Salaried employees’ payslips are set to shrink further, if a proposal by the Treasury to eliminate reliefs on pay-as-you-earn (PAYE) taxes is adopted.
The Treasury in its newly published medium-term revenue strategy plans to review the current tax reliefs on earnings from employment to maximise collections.
“Though the tax incentives provide governments with a policy tool to influence taxpayers’ behaviour, they come at a cost in terms of forgone tax revenue. In addition, tax incentives increase the complexity of the tax system and reduce its effectiveness as an instrument to promote equity. Studies have shown that incentives may not necessarily be effective in influencing the taxpayer’s behaviour,” the Treasury said.
Read: How your payslip will look like from July after new deductions
Currently, salaried workers enjoy two types of tax reliefs on PAYE, including a Sh2,400 monthly personal relief for all resident individuals which is meant to lighten the tax burden on the taxpayer.
Additionally, salaried workers who have paid insurance premiums for life, health, or education policies for themselves, spouses, or children enjoy a relief of 15 percent paid up to a maximum of Sh60,000 per year.
The education and health policy must however have a maturity of at least 10 years to qualify for the tax relief.
Additionally, from January last year, contributions to the National Hospital Insurance Fund (NHIF) were qualified for insurance relief.
The Treasury’s proposal to axe either or all of the tax reliefs has however puzzled tax experts who reckon the move would only further impact the disposable income of households who are already adjusting to the recently introduced housing levy at 1.5 percent of gross salaries and higher deductions to the National Social Security Fund.
“How you tax households is very important as it has the ripple effect on purchasing power.
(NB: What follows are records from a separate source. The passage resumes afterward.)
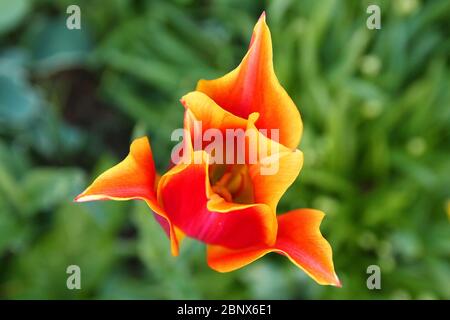 Nahaufnahme einer roten und gelben Blume, die im Frühjahr blüht Stockfoto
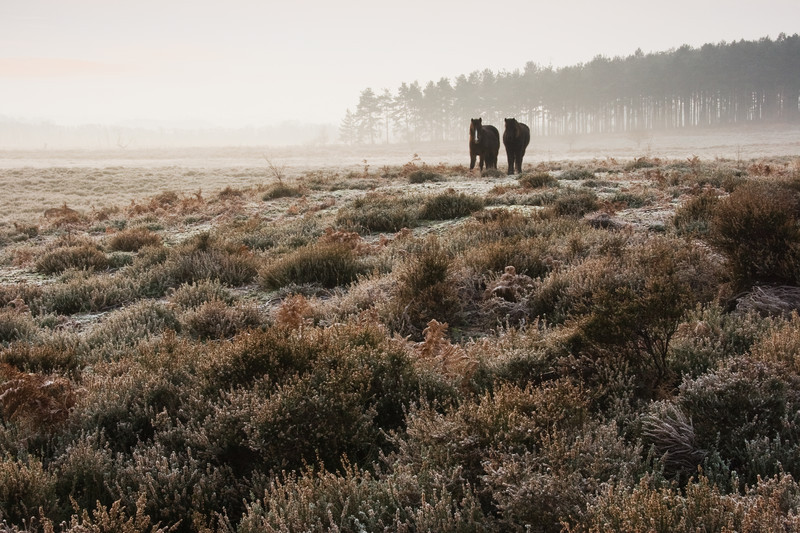 Landscape photography taken in the UK by photographer Lewis Phillips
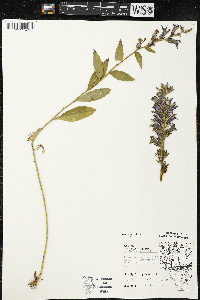 Lobelia siphilitica var. siphilitica image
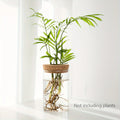 Glass Planter Vase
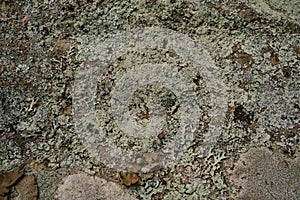 Pale green lichen texture on rock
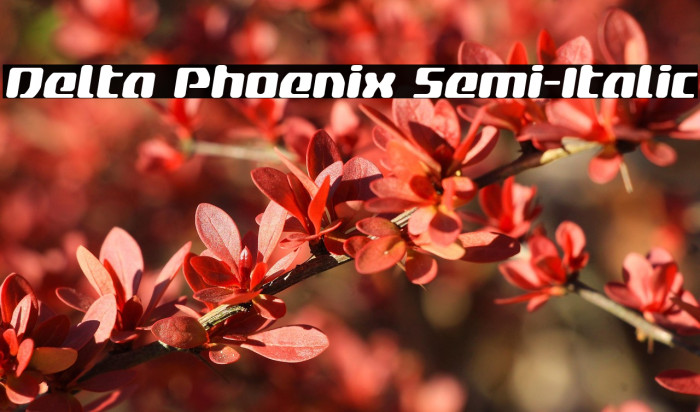 Delta Phoenix Semi-Italic Example 2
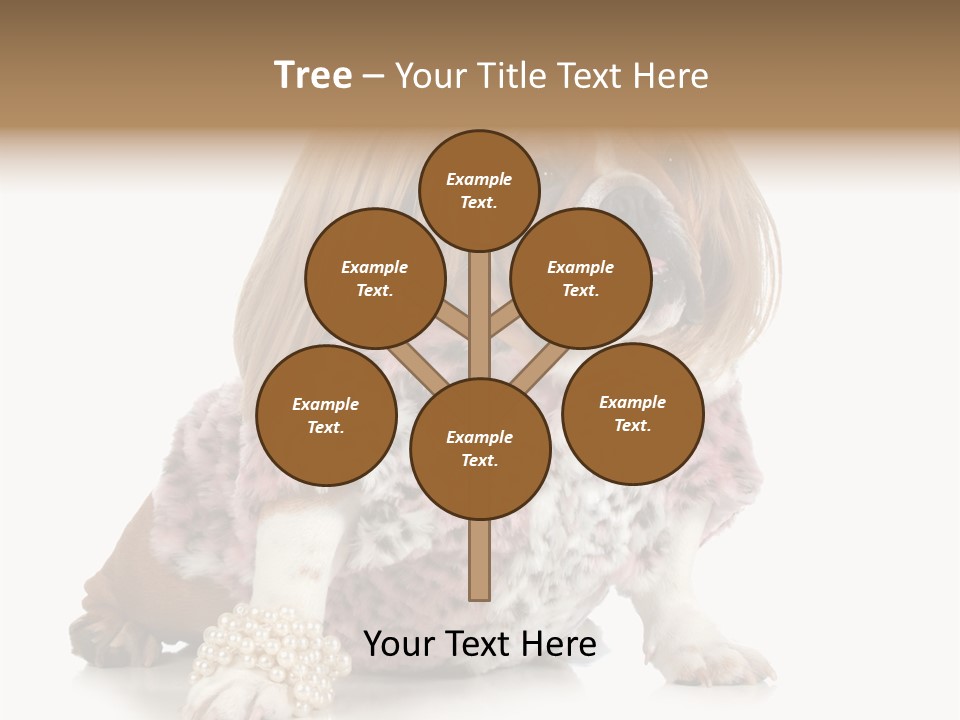 Wrinkle Domestic Wrinkled PowerPoint Template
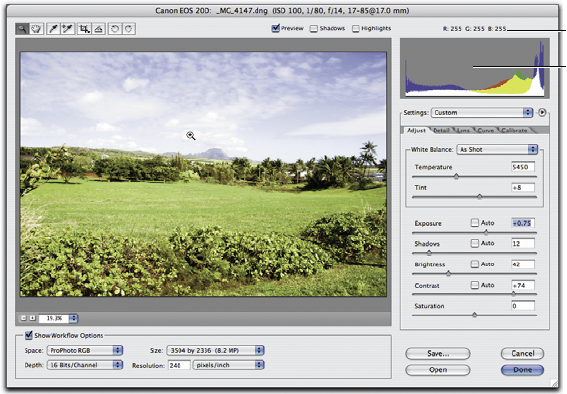 camera raw photoshop cs2 download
This would affect the revenues and profitability of companies and ultimately GDP. The economy is run by salaried workers whom I call the middle class,” Francis Kamau, a Partner and Tax Leader at Ernst & Young said.
The National Treasury has nevertheless outlined mitigation measures for the elimination of the tax reliefs including setting a new PAYE tax band at zero percent.
“With the removal of personal relief, the low-income tax earners will be cushioned in line with the adjusted tax bands by creating a zero-rate tax band,” the exchequer added.
At the same time, the government is mulling over cushioning top earners by trimming the top PAYE tax rate from the recently introduced ceiling of 35 percent to 25 percent in a restructuring of tax bands to eliminate opportunities for tax avoidance and evasion.
The move comes just three months after the 2023 Finance Act introduced two new tax bands at 32.5 percent and 35 percent on monthly employment income above Sh500,000 and Sh800,000 respectively.
The new PAYE bands were viewed as ineffective in yielding higher revenues for the exchequer from employment income.
“The anticipated increase in revenue may be negligible given that the majority of employees in Kenya earn below Sh100,000 per month,” noted tax analysts at KPMG.
Read: How Ndungu’s two new tax bands will affect payslips
Currently, workers with salaries up to Sh24,000 a month do not pay PAYE taxes owing to the personal relief of Sh2,400 which matches the 10 percent rate of tax on the lowest tax band.
The remainder of salaried workers incur Paye taxes at the rate of 25 and 30 percent respectively.